Захотелось домой. К дочери. К привычным углам. Хотелось снова быть в движении, даже если не было сил.
Таксист был молчаливый, с глазами, опухшими от недосыпа. Он поглядывал на неё в зеркало, но ничего не спрашивал. Это было даже лучше. Лена не выдержала бы сочувствия.
Подъезд встретил её тем же запахом пыли и краски, облупившаяся плитка, сквозняк от плохо прикрытой двери. Всё — как прежде. Только внутри что-то сдвинулось.
Ключ вошёл в замок с трудом. Как будто давно не пользовались. Или слишком часто.
Дверь открылась — и запах ударил в лицо. Не её. Не знакомый. Чуть сладковатый, как от чужих духов и жареного лука. Пахло новым.
Лена вошла на цыпочках, будто в чужой дом. Сняла куртку, поставила сумку. Всё на месте. Но не так.
В прихожей на тумбочке — резинка для волос. Детская, с сердечками. Но Мариша такими не пользуется. Уже давно нет.
На кухне — чисто. Слишком. Новая сковорода на крючке. Чайник без налёта. В холодильнике — контейнеры с надписью маркером: «овощной суп», «котлеты Лизе», «Марише — понедельник». Стоп.
Лена закрыла холодильник. Медленно. Вдохнула.
В спальне пахло лавандой. Постель — другая. Подушки — чужие. И на подоконнике чашка — с губным следом. Не её. Помада розовая. Лена не пользуется помадой вообще.
Она вошла в комнату дочери.
На стене — новый рисунок. Солнце, две фигуры, кошка и надпись: «Маша и мама Лиза».
Лена села на кровать. Ткани наволочки хрустнули. Смотрела на рисунок, будто на открытую рану.
Позвонила мужу. Он взял трубку почти сразу.
— Ты где? — спросила тихо.
— У мамы. С Маришей.

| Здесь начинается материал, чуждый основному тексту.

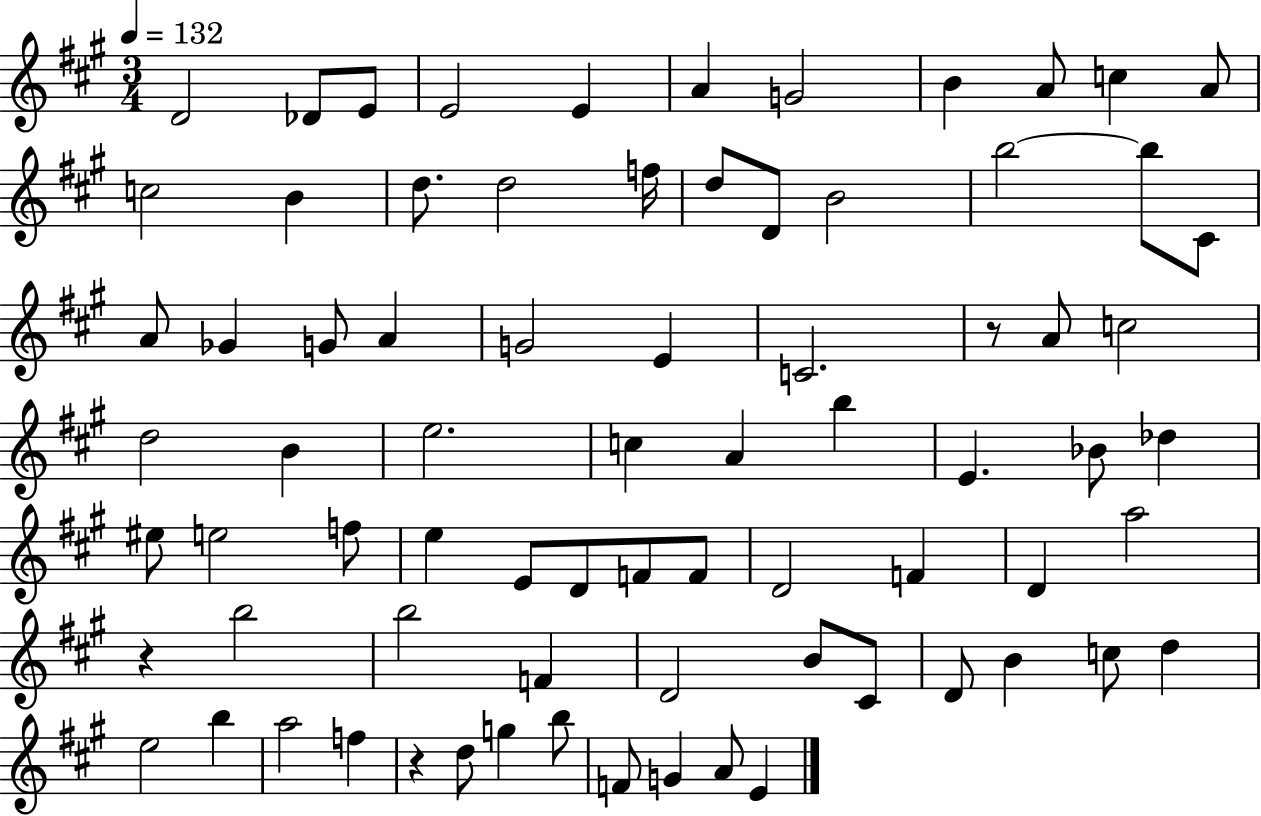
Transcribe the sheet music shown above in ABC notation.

X:1
T:Untitled
M:3/4
L:1/4
K:A
D2 _D/2 E/2 E2 E A G2 B A/2 c A/2 c2 B d/2 d2 f/4 d/2 D/2 B2 b2 b/2 ^C/2 A/2 _G G/2 A G2 E C2 z/2 A/2 c2 d2 B e2 c A b E _B/2 _d ^e/2 e2 f/2 e E/2 D/2 F/2 F/2 D2 F D a2 z b2 b2 F D2 B/2 ^C/2 D/2 B c/2 d e2 b a2 f z d/2 g b/2 F/2 G A/2 E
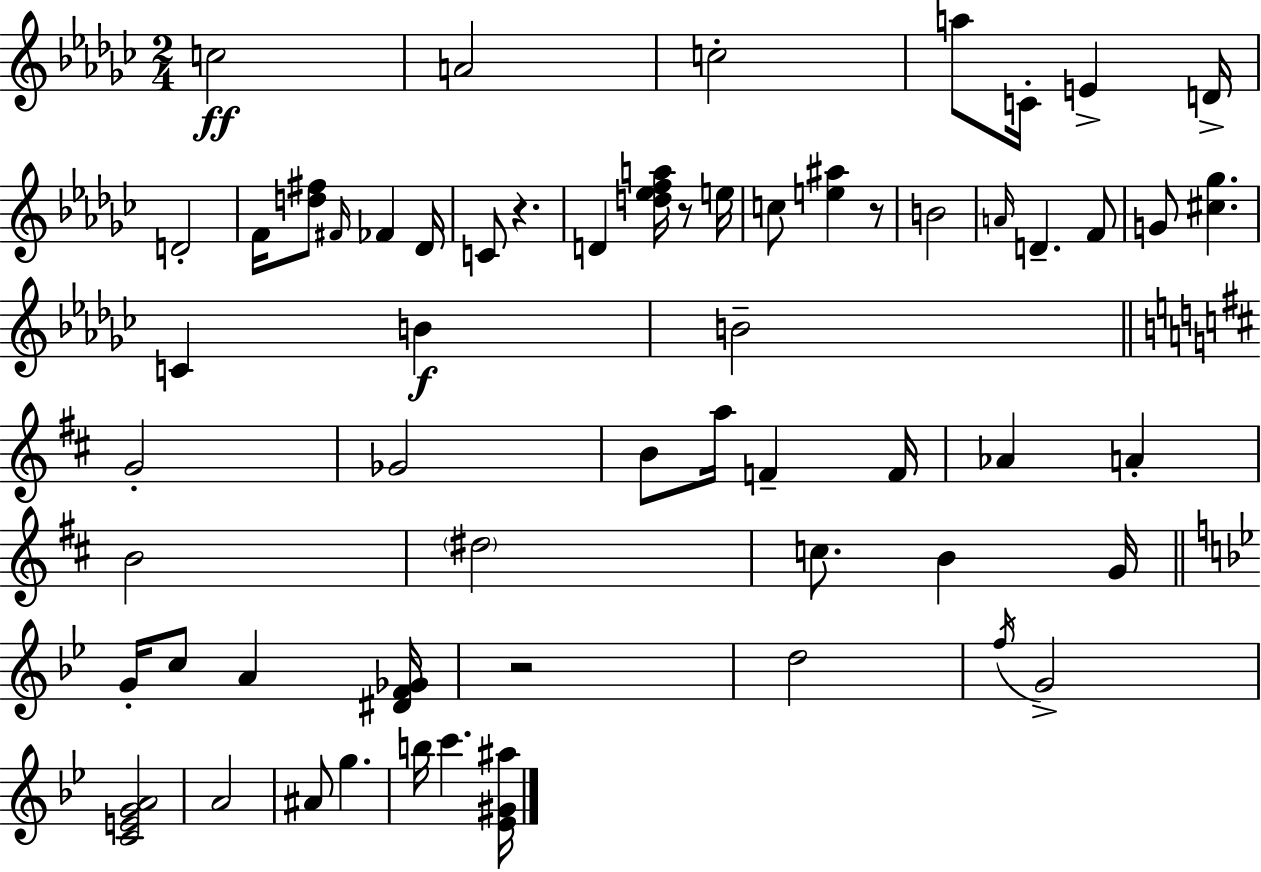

А ты?..
— Ты же… через десять дней…
Но приехала не он. Через сорок минут позвонили в дверь. Свекровь. В плаще, с сумкой и мешком овощей. Как будто пришла просто передать картошку.
— Ты чего так? — Спросила без приветствия. — Без звонка, без всего.
Свекровь закусила губу, но промолчала.
— Они у Лизы. Мариша спит. Мы не стали будить.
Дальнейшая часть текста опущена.